The 39-year-old has become the youngest president in the country’s history after beating his far-right contended Marine Le Pen earlier this month.
He is the first French president who does not originate from the country’s two mainstream parties.
After Macron was formally declared president at the Elysee Palace in Paris, 21 cannon shots were fired from across the Seine River at the Invalides monument, where Napoleon is entombed.
Before the ceremony, Macron met for an hour with his predecessor, Francois Hollande.
In a visibly moving moment for both, Macron accompanied Hollande to his car, shaking hands and applauding him along with the employees of the French presidency who had gathered in the palace’s courtyard.
The two men had known each other well. Macron was Hollande’s former adviser, then his economy minister from 2014 to 2016, when Macron quit the Socialist government to launch his own independent presidential bid.

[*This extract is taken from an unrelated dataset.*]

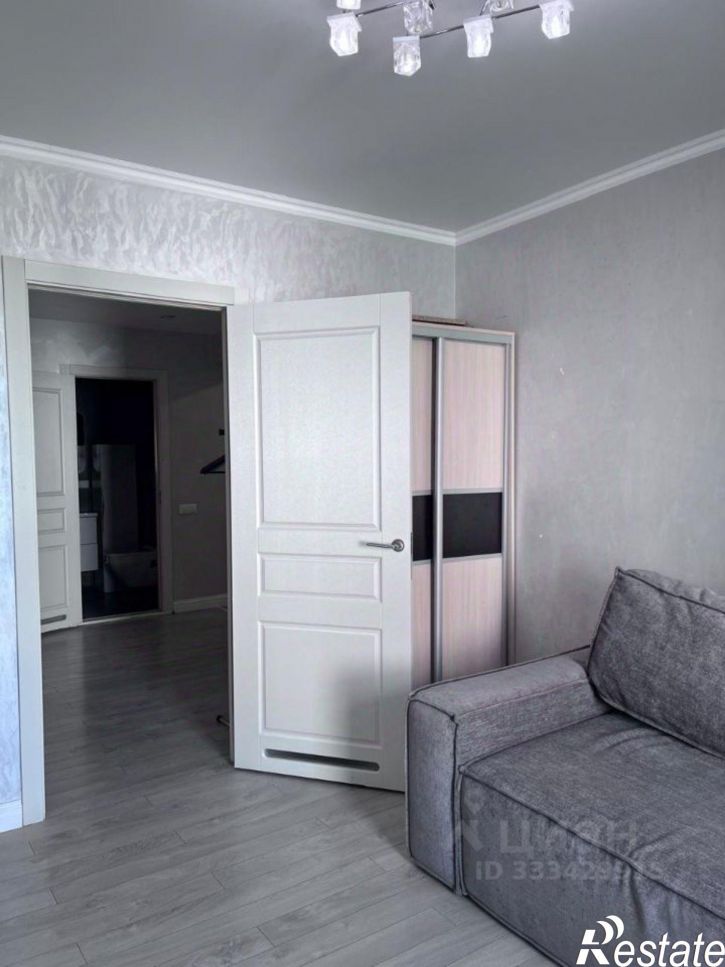 3-комн квартира ул Азата Аббасова, 8,  д. 8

In his inauguration speech Sunday, Macron said he will do everything necessary to fight terrorism and authoritarianism and to resolve the world’s migration crisis. He also listed “the excesses of capitalism in the world” and climate change among his future challenges.

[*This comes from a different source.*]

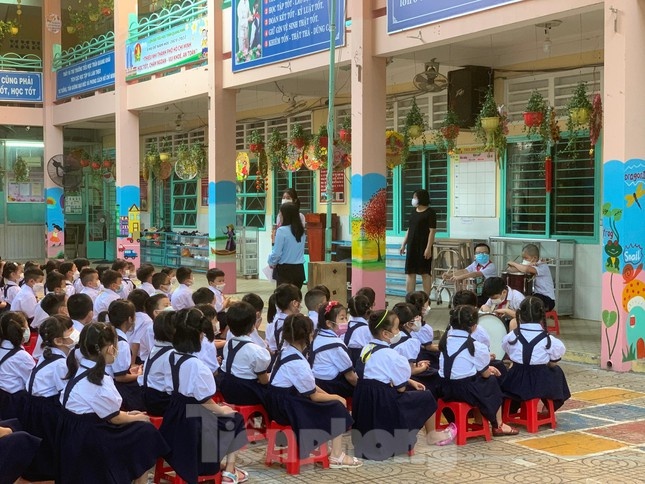 Nhieu diem moi trong tuyen sinh dau cap lop 1 va 6 o TP.HCM hinh anh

“We will take all our responsibilities to provide, every time it’s needed, a relevant response to big contemporary crises,” he said, the Associated Press reports.

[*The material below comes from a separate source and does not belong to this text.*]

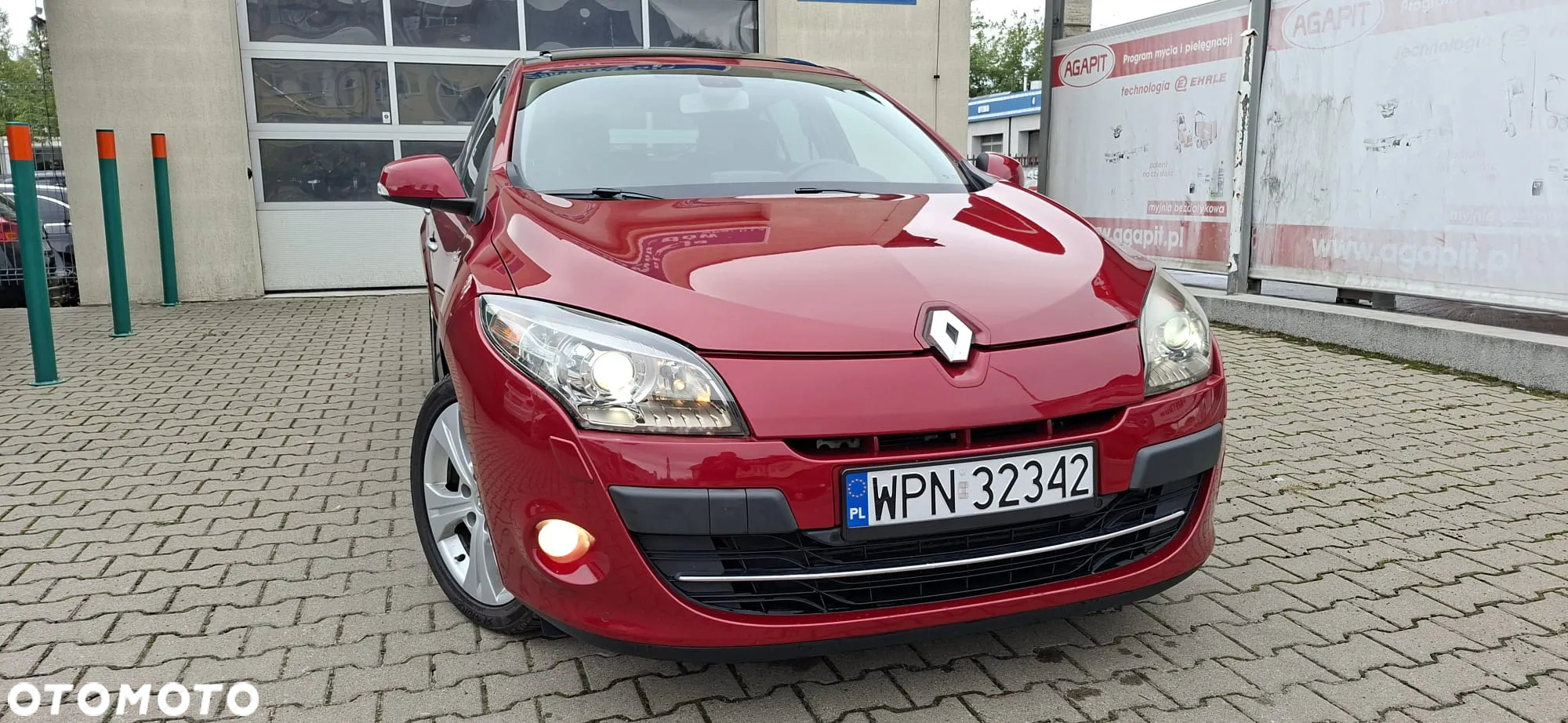 Renault Megane TCe 180 GT - 24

Macron announced his determination to push ahead with reforms to free up France’s economy and pledged to press for a “more efficient, more democratic” EU. France is a founding member of the 28-nation bloc and its third-largest economy after Germany and Britain.
Macron will take his first trip abroad as president on Monday to Germany to visit Chancellor Angela Merkel in Berlin.
Macron will also have to name his prime minister and form a government in the next few days.